Two small details here:

We are using the short type, because Java Card Classic uses a 16-bit virtual machine. Computations on boolean, byte and short are performed on 16-bit values. So, we may as well use all the bits.
I have reversed the test, because of an inherent flaw of the C language, inherited by Java. The value false is 0, and the value true is anything else. If anything goes wrong in a computation (intentionally or not), a false turns into a true. With an explicit test on an explicit true value, this flaw disappears.

Finally, what I have done here is not actually very efficient against observation attacks. We will see that it will be useful for other things. And also, this is an public introductory tutorial, and the really efficient countermeasures are neither obvious nor public.

Perturbation attacks

Perturbation attacks are always an issue, as soon as you are doing something with your chip, like running code or using data. No process is inherently safe from these attacks. In addition, few countermeasures are possible, and suicide (of the application, or of the card) often happens to be the only thing that an application can do. We will see that even this requires a significant effort. But before that, the application needs to be able to detect that it is actually being attacked; without detection, nothing can happen. Two levels of mechanisms are available for detection:

Hardware detectors. All modern chips include detectors for the most commonly used attacks (glitch, light, etc.). These detectors are monitoring the attacks themselves, or their direct effect on the silicon.The good news for Java developers is that they don't have to worry about this part, which is taken care of by the underlying system. The bad news is that these detectors cannot be perfected, so attackers can circumvent them.
Integrity checks and redundancy. That part is under the direct responsibility of the Java Card developer. The idea is here to detect the effect of a perturbation. The good news is that integrity checks do work if they are well written. The bad news is that they introduce redundancy in the application, which can be very/too costly for a Java Card application.

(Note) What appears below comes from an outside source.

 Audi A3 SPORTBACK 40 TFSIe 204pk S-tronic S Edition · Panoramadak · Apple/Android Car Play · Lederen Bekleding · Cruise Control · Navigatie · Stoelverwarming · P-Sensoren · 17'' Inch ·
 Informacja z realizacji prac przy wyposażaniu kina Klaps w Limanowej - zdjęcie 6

When thinking about adding integrity protections to a Java Card application, one has to think about the possible perturbation attacks, and to decide against which potential attacks to defend. Here is a non-exhaustive list of potential effects of good perturbation attacks:

Making the chip believe that a value read from EEPROM is 0.
Replacing a value read from EEPROM with a random value.
Reading from a random memory address instead of the expected address.
Writing a fixed/random value instead of the expected value in EEPROM
Forcing a test to go in one direction or another, independently of the result.
Skipping a method invocation.
Modify a key bit during a RSA computation, in order to get a false and interesting result.

Of course, it is hard to defend against all these attacks at all points of the program. This means that, in the development process, one needs to decide which attacks to defend against at which point of the program. And let's face it, this requires a bit of experience. Basically, the idea is to decide what an attacker can do. First, we will consider an attack on memory read operations.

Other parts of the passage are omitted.